Note

Go to the end to download the full example code.

Analyzing Events Using ctapipe#

Initially presented @ LST Analysis Bootcamp in Padova, 26.11.2018 by Maximilian Nöthe (@maxnoe) & Kai A. Brügge (@mackaiver)

 import tempfile
 import timeit
 from copy import deepcopy

 import astropy.units as u
 import matplotlib.pyplot as plt
 import numpy as np
 from astropy.coordinates import AltAz, angular_separation
 from matplotlib.colors import ListedColormap
 from scipy.sparse.csgraph import connected_components
 from traitlets.config import Config

 from ctapipe.calib import CameraCalibrator
 from ctapipe.image import (
     ImageProcessor,
     camera_to_shower_coordinates,
     concentration_parameters,
     hillas_parameters,
     leakage_parameters,
     number_of_islands,
     timing_parameters,
     toymodel,
 )
 from ctapipe.image.cleaning import tailcuts_clean
 from ctapipe.io import DataWriter, EventSource, TableLoader
 from ctapipe.reco import ShowerProcessor
 from ctapipe.utils.datasets import get_dataset_path
 from ctapipe.visualization import ArrayDisplay, CameraDisplay

 # %matplotlib inline

 plt.rcParams["figure.figsize"] = (12, 8)
 plt.rcParams["font.size"] = 14
 plt.rcParams["figure.figsize"]

[12.0, 8.0]

General Information#

Design#

DL0 → DL3 analysis
Currently some R0 → DL2 code to be able to analyze simtel files
ctapipe is built upon the Scientific Python Stack, core dependencies are
- numpy
- scipy
- astropy
- numba

Development#

ctapipe is developed as Open Source Software (BSD 3-Clause License) at cta-observatory/ctapipe
We use the “Github-Workflow”:
- Few people (e.g. @kosack, @maxnoe) have write access to the main repository
- Contributors fork the main repository and work on branches
- Pull Requests are merged after Code Review and automatic execution of the test suite
Early development stage ⇒ backwards-incompatible API changes might and will happen

What’s there?#

Reading simtel simulation files
Simple calibration, cleaning and feature extraction functions
Camera and Array plotting
Coordinate frames and transformations
Stereo-reconstruction using line intersections

What’s still missing?#

Good integration with machine learning techniques
IRF calculation
Documentation, e.g. formal definitions of coordinate frames

What can you do?#

Report issues
- Hard to get started? Tell us where you are stuck
- Tell user stories
- Missing features
Start contributing
- ctapipe needs more workpower
- Implement new reconstruction features

A simple hillas analysis#

Reading in simtel files#

 input_url = get_dataset_path("gamma_prod5.simtel.zst")

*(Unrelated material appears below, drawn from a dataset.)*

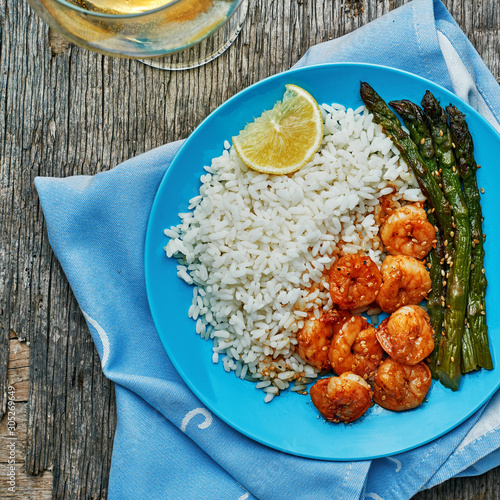 Shrimps and asparagus stir fry with rice on a blue plate with sesame seeds. Delicious seafood meal. Top view, directly above shot.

 # EventSource() automatically detects what kind of file we are giving it,
 # if already supported by ctapipe
 source = EventSource(input_url, max_events=5)

 print(type(source))

<class 'ctapipe.io.simteleventsource.SimTelEventSource'>

 for event in source:
     print(
         "Id: {}, E = {:1.3f}, Telescopes: {}".format(
             event.count, event.simulation.shower.energy, len(event.r0.tel)
         )
     )

Id: 0, E = 0.073 TeV, Telescopes: 3
Id: 1, E = 1.745 TeV, Telescopes: 14
Id: 2, E = 1.745 TeV, Telescopes: 4
Id: 3, E = 1.745 TeV, Telescopes: 20
Id: 4, E = 1.745 TeV, Telescopes: 31

Each event is a DataContainer holding several Fields of data, which can be containers or just numbers. Let’s look a one event:

167 event

ctapipe.containers.ArrayEventContainer:
                       index.*: event indexing information with default None
                          r0.*: Raw Data with default None
                          r1.*: R1 Calibrated Data with default None
                         dl0.*: DL0 Data Volume Reduced Data with default None
                         dl1.*: DL1 Calibrated image with default None
                         dl2.*: DL2 reconstruction info with default None
                  simulation.*: Simulated Event Information with default None
                                with type <class
                                'ctapipe.containers.SimulatedEventContainer'>
                     trigger.*: central trigger information with default None
                         count: number of events processed with default 0
                  monitoring.*: container for event-wise monitoring data (MON)
                                with default None
                        muon.*: Container for muon analysis results with default
                                None

 source.subarray.camera_types

(CameraDescription(name=CHEC, geometry=CHEC, readout=CHEC), CameraDescription(name=FlashCam, geometry=FlashCam, readout=FlashCam), CameraDescription(name=LSTCam, geometry=LSTCam, readout=LSTCam), CameraDescription(name=NectarCam, geometry=NectarCam, readout=NectarCam))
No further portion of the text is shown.